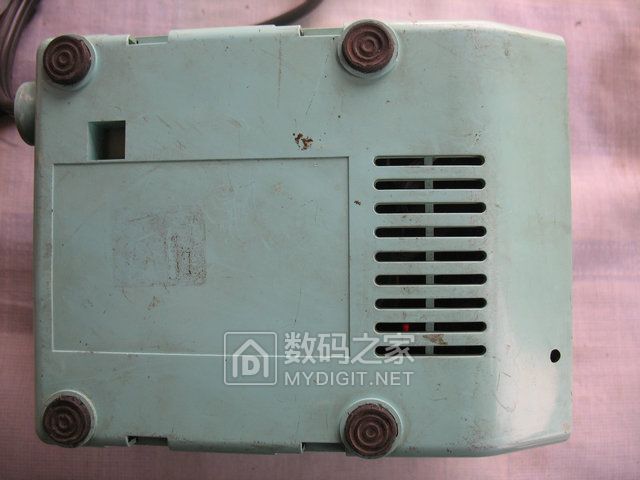 闲来无事，拆修早期美国原装的威乐焊台(Weller-EC1001)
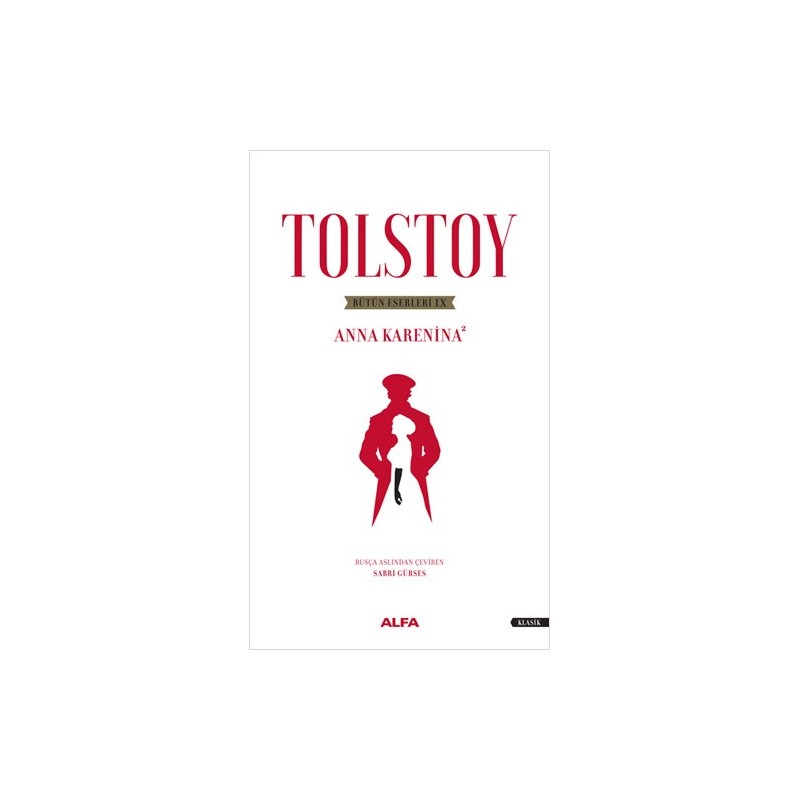 Tolstoy Bütün Eserleri 9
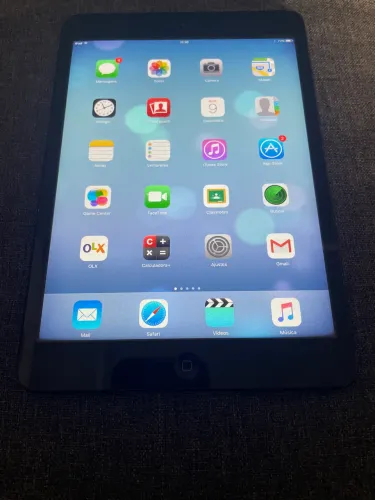 ? iPad Mini 1ª Geração - 32GB - Wi-Fi
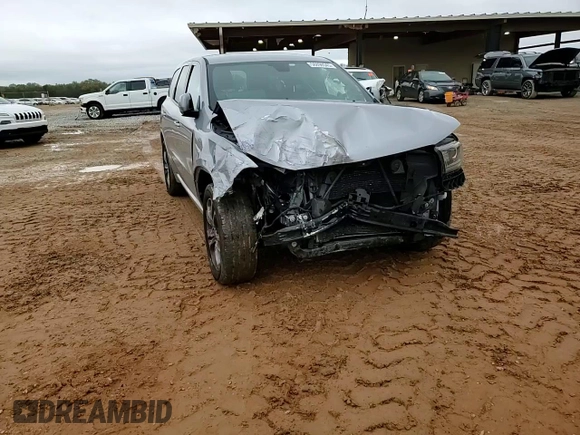 2020 Dodge Durango GT Plus с VIN 1C4RDHDG4LC259076, выставлен на аукционе Copart как лот 50898545 с пробегом 133 980 миль миль и Списание • Salvage title. История ставок и продаж доступна на DreamBid. Изображение 12.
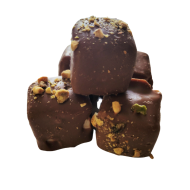 Nougat Chocolat Dubai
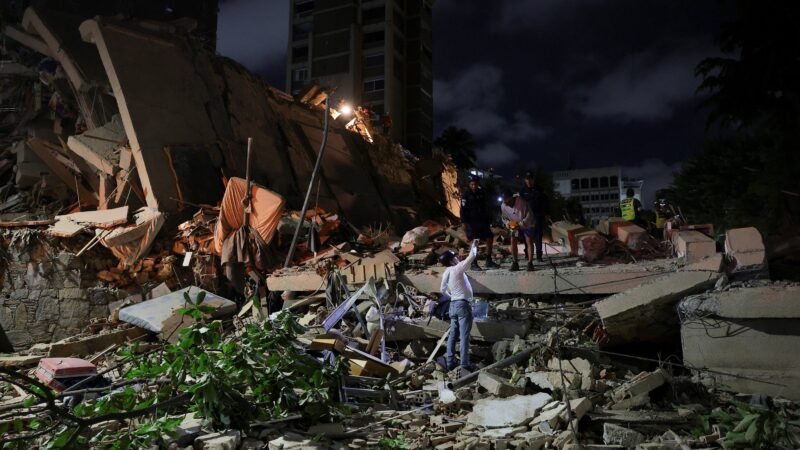 Delcy Rodríguez confirma 32 mortes e 700 feridos após terremotos atingirem país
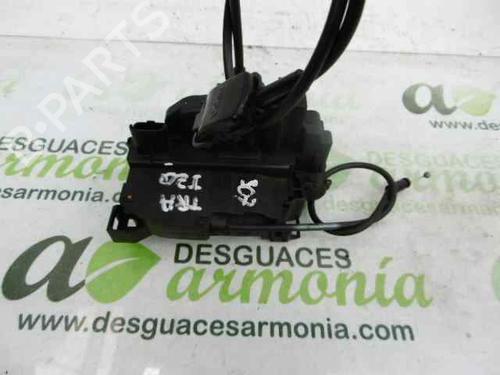 Fechadura trás esquerda Fechadura trás esquerda 1841425 1841425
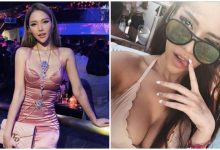 派對上遇見「火辣爆乳正妹」,用性感車頭燈跑趴立刻驚艷全場!-博狗扑克 蜗牛扑克 德州扑克跟我学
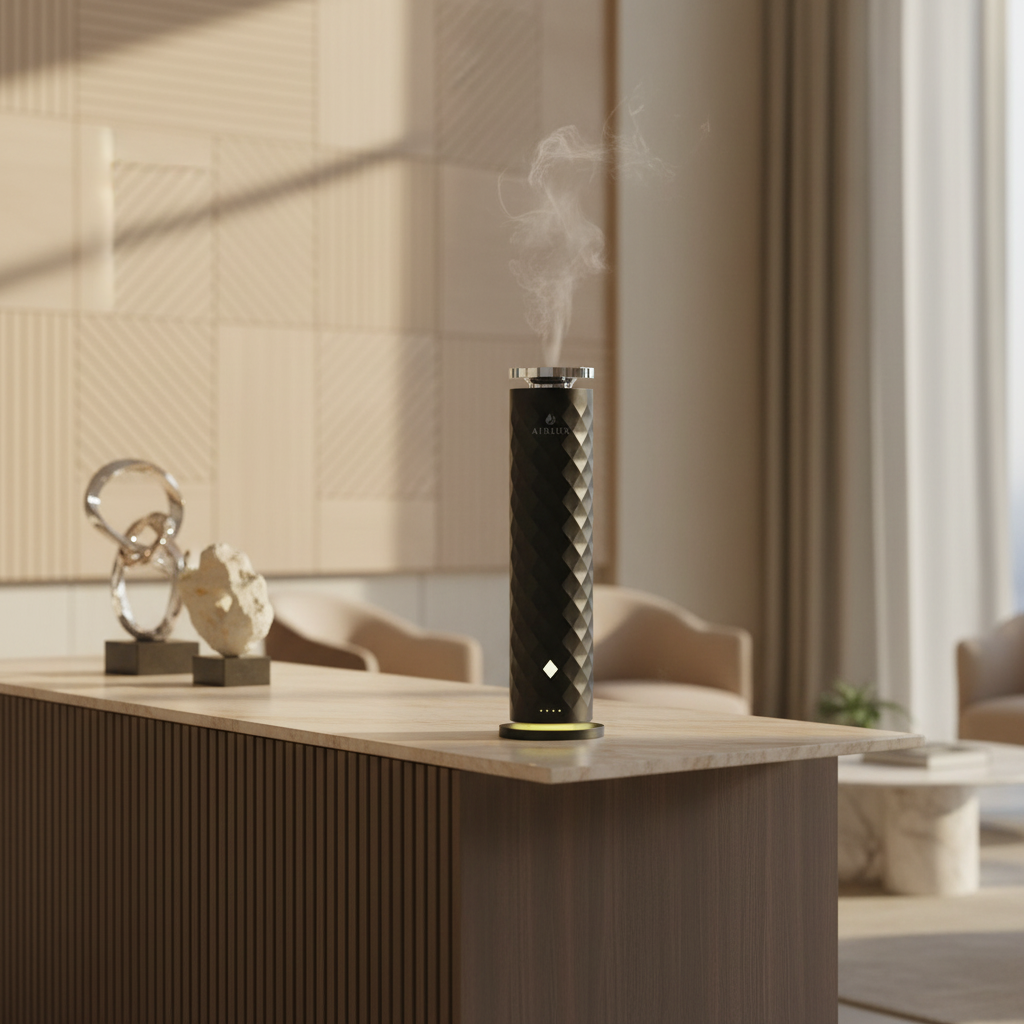 Lunar Classic 300 Smart Cold Air Diffuser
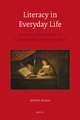 Literacy in Everyday Life: Reading and Writing in Early Modern Dutch Diaries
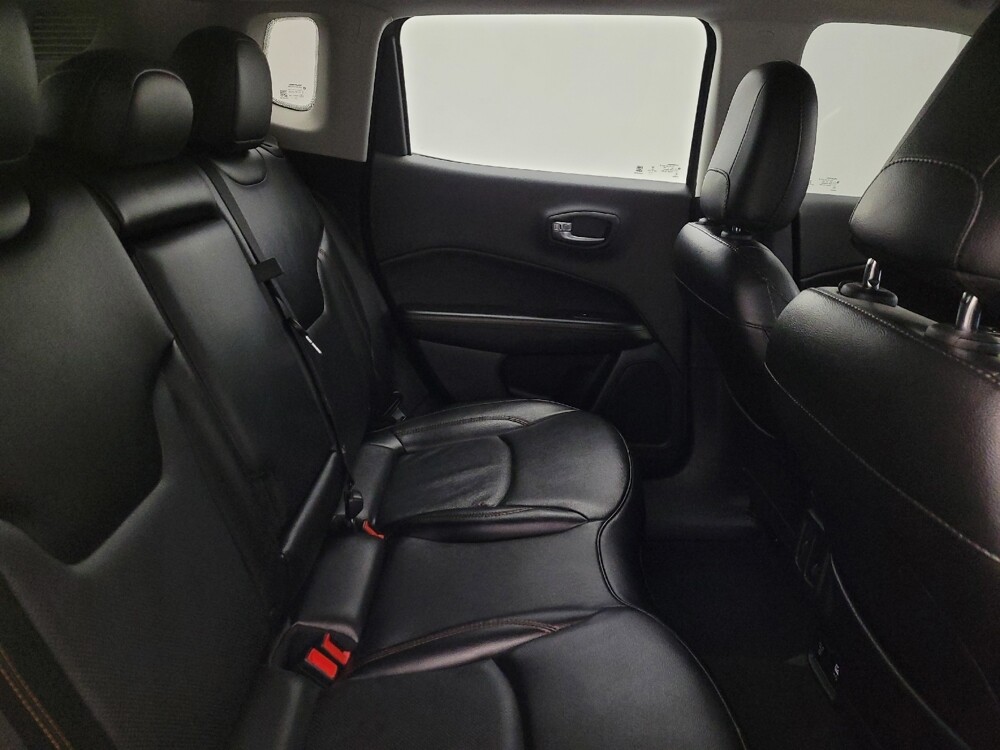 2021 Jeep Compass in Glendale, AZ 85301 - 18083970 19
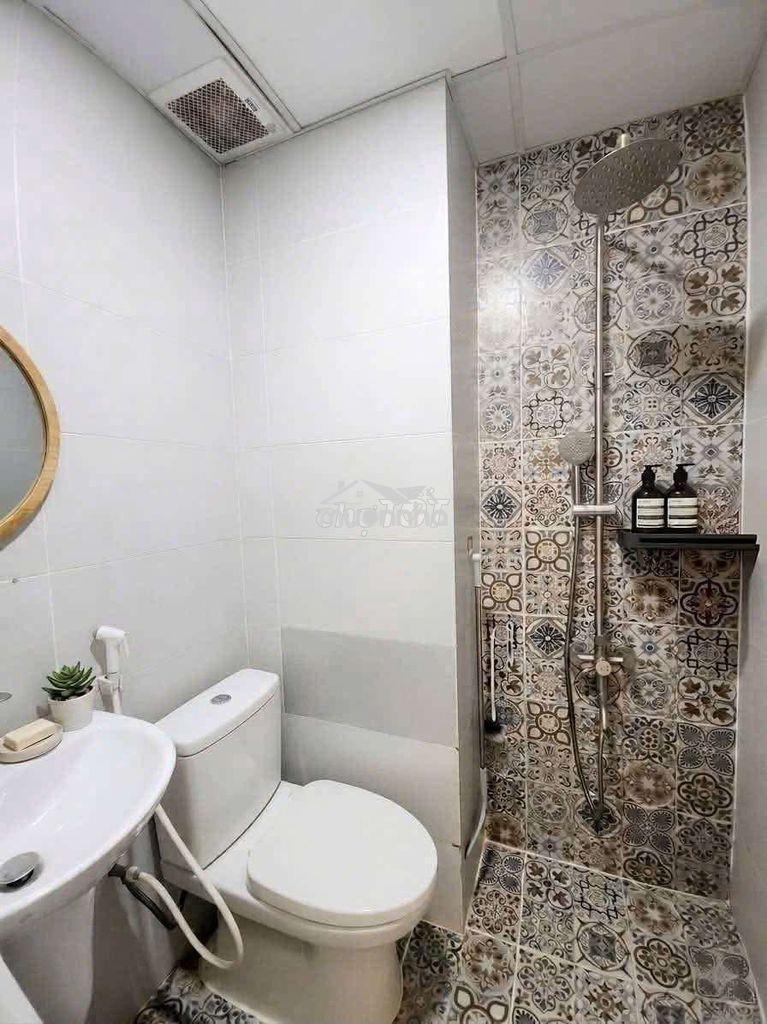 Nhà q1 full nội thất 10pn/11wc_thang máy - 3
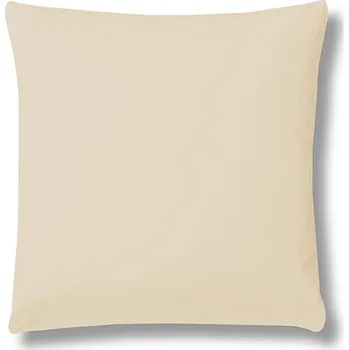 Povlak na dekorativní polštářek Povlak na polštář Estella 80x80 Makosatén Jersey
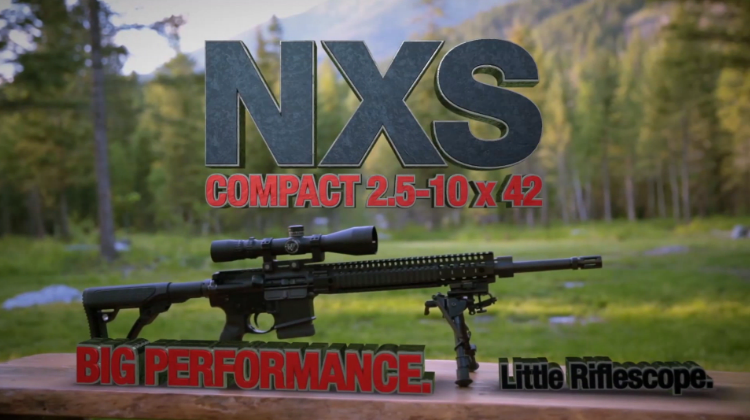 opplanet nightforce 2 5 10x42mm compact flv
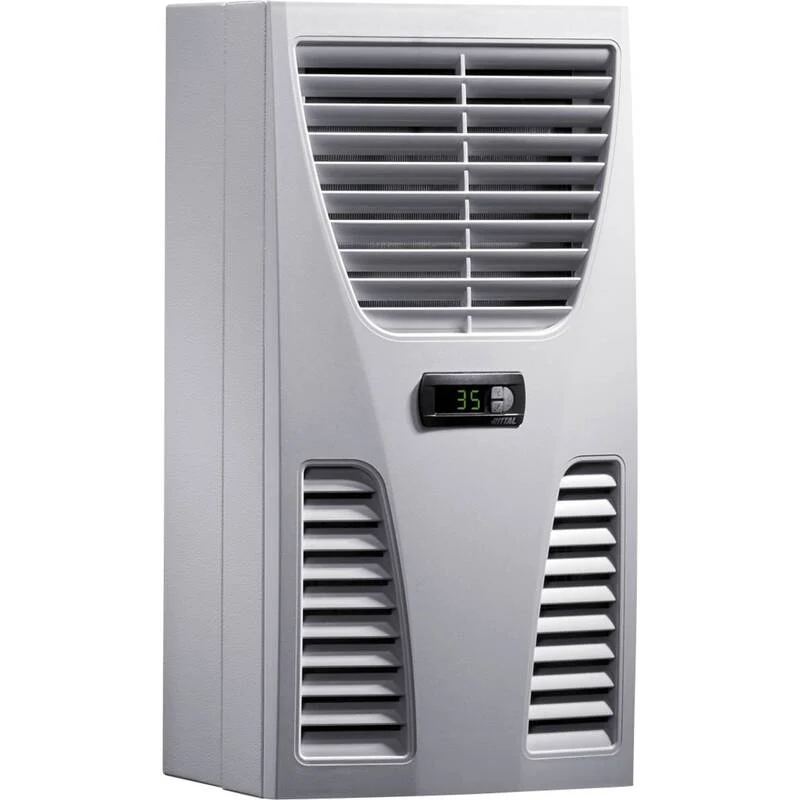 B-Ware Rittal SK 3303.510 Kühlgerät Klimagerät TopTherm PLUS Wandgerät SIEHE TEXT/FOTO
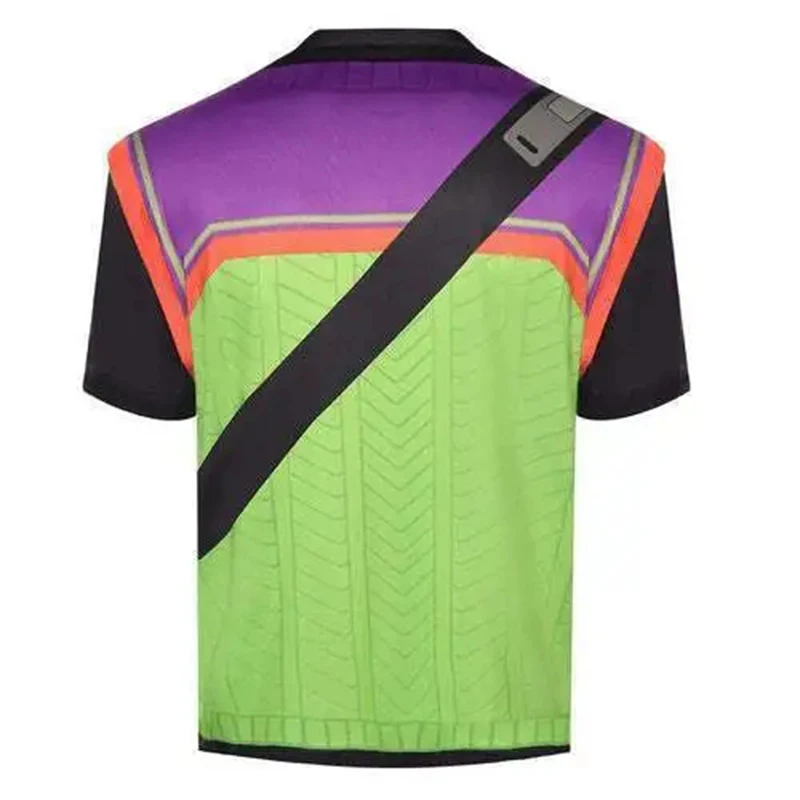 VALORANT-Inspired Gekko Graphic T-Shirt for Casual Wear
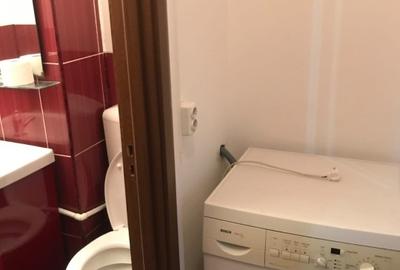 Apartament cu 2 camere semidecomandat în Tei - 7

━━━━━━━━

GOAL OF THE EXERCISE >> Output the entries above verbatim, with no picture included.

OUTPUT BELOW >>
 闲来无事，拆修早期美国原装的威乐焊台(Weller-EC1001)
 Tolstoy Bütün Eserleri 9
 ? iPad Mini 1ª Geração - 32GB - Wi-Fi
 2020 Dodge Durango GT Plus с VIN 1C4RDHDG4LC259076, выставлен на аукционе Copart как лот 50898545 с пробегом 133 980 миль миль и Списание • Salvage title. История ставок и продаж доступна на DreamBid. Изображение 12.
 Nougat Chocolat Dubai
 Delcy Rodríguez confirma 32 mortes e 700 feridos após terremotos atingirem país
 Fechadura trás esquerda Fechadura trás esquerda 1841425 1841425
 派對上遇見「火辣爆乳正妹」,用性感車頭燈跑趴立刻驚艷全場!-博狗扑克 蜗牛扑克 德州扑克跟我学
 Lunar Classic 300 Smart Cold Air Diffuser
 Literacy in Everyday Life: Reading and Writing in Early Modern Dutch Diaries
 2021 Jeep Compass in Glendale, AZ 85301 - 18083970 19
 Nhà q1 full nội thất 10pn/11wc_thang máy - 3
 Povlak na dekorativní polštářek Povlak na polštář Estella 80x80 Makosatén Jersey
 opplanet nightforce 2 5 10x42mm compact flv
 B-Ware Rittal SK 3303.510 Kühlgerät Klimagerät TopTherm PLUS Wandgerät SIEHE TEXT/FOTO
 VALORANT-Inspired Gekko Graphic T-Shirt for Casual Wear
 Apartament cu 2 camere semidecomandat în Tei - 7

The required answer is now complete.